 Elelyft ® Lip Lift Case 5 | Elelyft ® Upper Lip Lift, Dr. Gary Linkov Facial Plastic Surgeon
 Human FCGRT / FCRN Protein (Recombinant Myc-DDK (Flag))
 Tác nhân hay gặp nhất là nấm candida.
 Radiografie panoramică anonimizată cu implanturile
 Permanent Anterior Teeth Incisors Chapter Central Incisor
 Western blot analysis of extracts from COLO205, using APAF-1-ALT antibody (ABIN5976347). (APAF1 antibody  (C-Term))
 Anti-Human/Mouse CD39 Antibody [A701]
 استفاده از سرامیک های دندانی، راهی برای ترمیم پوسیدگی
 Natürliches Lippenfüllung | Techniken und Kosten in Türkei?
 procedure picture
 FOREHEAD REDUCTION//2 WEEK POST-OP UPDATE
========================
Write out exactly the lines from the one with "Human FCGRT /" through the end of the records above, both ends included, and leave out all other lines.

EXERCISE RESPONSE =
 Human FCGRT / FCRN Protein (Recombinant Myc-DDK (Flag))
 Tác nhân hay gặp nhất là nấm candida.
 Radiografie panoramică anonimizată cu implanturile
 Permanent Anterior Teeth Incisors Chapter Central Incisor
 Western blot analysis of extracts from COLO205, using APAF-1-ALT antibody (ABIN5976347). (APAF1 antibody  (C-Term))
 Anti-Human/Mouse CD39 Antibody [A701]
 استفاده از سرامیک های دندانی، راهی برای ترمیم پوسیدگی
 Natürliches Lippenfüllung | Techniken und Kosten in Türkei?
 procedure picture
 FOREHEAD REDUCTION//2 WEEK POST-OP UPDATE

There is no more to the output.